もし約定がなくても、年5%~6%の割合による遅延利息を請求できます。
業としての経営でなければ5%、業としての経営ならば6%です。

築年数が古い物件の更新

きわめて古い建物につき、更新拒否をすることは可能か。

正当事由としての考え

建物の現況が賃貸継続の前提を欠くということであれば更新拒否の正当事由はあると考えられる。

賃料増額の交渉中の状態での契約更新は

事業用契約でまもなく更新時期を迎える。賃料増額の交渉中であるが、契約更新の時期までにまとまりそうにない。どのように対応すべきか。
借地借家法上の賃料増減請求権を行使した形にしつつ、賃料については交渉中であるとし、それ以外は従前と同様の契約条件として合意更新をしておくことが考えられる。

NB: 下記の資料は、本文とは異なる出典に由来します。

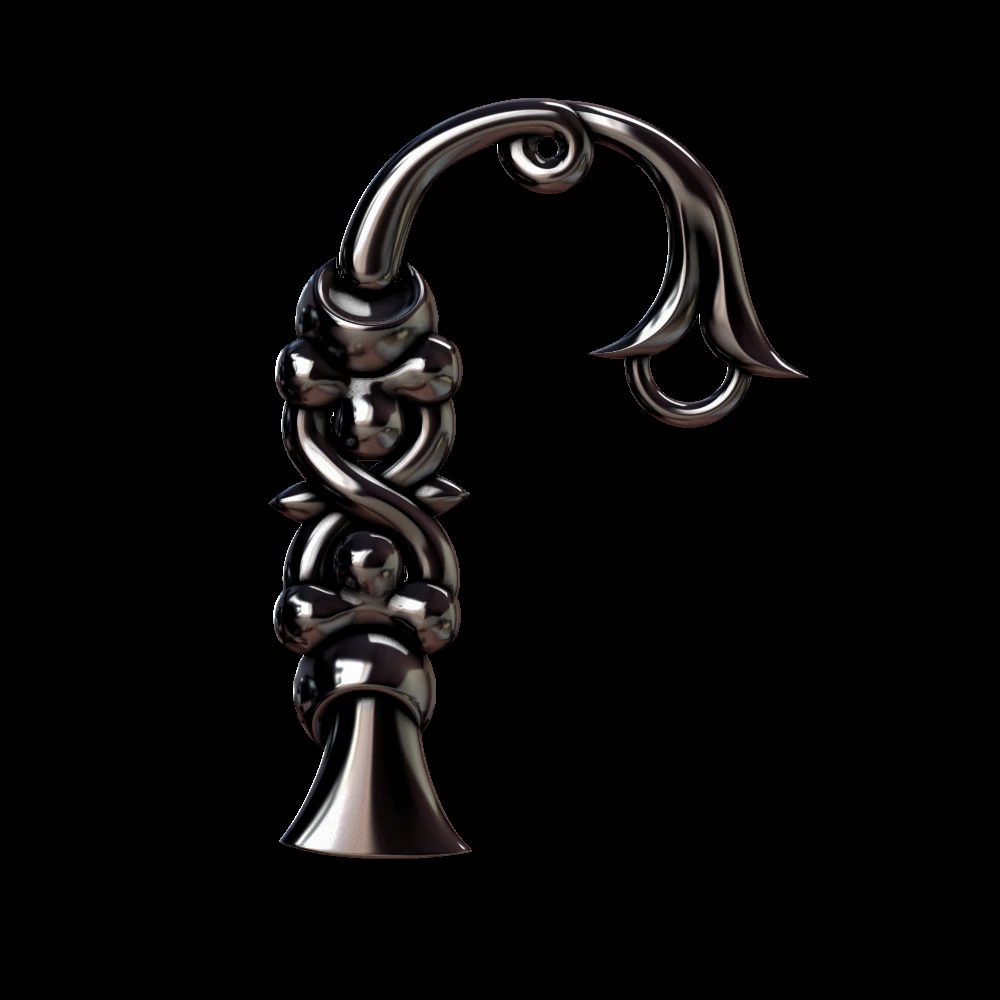 3d armenian font 3D Print Model .c4d .max .obj .3ds .fbx .stl .blend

法定更新がなされた賃貸借契約につき、オーナーからの解約は可能か。

法定更新の場合、期間の定めのない契約となることから、オーナーからの解約は可能。ただし6ヶ月の予告期間と正当事由が必要とされる。

建物賃貸借契約が法定更新となった場合の契約期間は

借地借家法26条1項

期間の定めのないものとなります。

更新時に借主が法人成りになった場合

店舗物件につき、更新にあたって、ちょうど更新時期に借主が、個人事業者から法人になった(法人成りで実際の使用態様は変更無し)この場合の契約関係はどうなるのか。

更新合意書で明確にすることが大事

個人事業者の法人成りは、借主の人格が変わるため、形式的な賃借権譲渡となるが、実際上使用態様が異ならない以上、貸主が承諾を拒否する正当な理由がないとして、契約継続が認められるのが一般的である。これに更新の問題が加味されて基本的には同じであって、「旧借主の地位をそのまま引き継いだ法人を借主として更新する。」という関係で考えればよい。ただし、借主が個人から法人成りによって法人に変更すること、実質上当事者の性格や使用態様に変更がないことから旧契約を更新することなどを、更新合意書などで明確にしておおくことが望ましい。(仮に使用態様が変更となった場合には、解除、解約等の材料にするため)

更新拒絶の文言の強制力は

アパートを借りている老齢の女性から、前回更新時に「次回は更新しない」旨の文言が契約書に付け加えられたと相談がありました。
翌年の契約満了時に強制的に契約終了となるのか。穏便な解決方法はあるのか。
そのような更新拒絶文言は借地借家法上効力がない。貸主側で転居費用をもち、高齢者住宅等のしかるべき転居先を探しあげて、穏便に退去してもらうしか方法はないだろう。

借主が契約更新手続きに応じないが、強制的に応じさせる方法は

そのような方法はない。法律上は法定更新という扱いになる。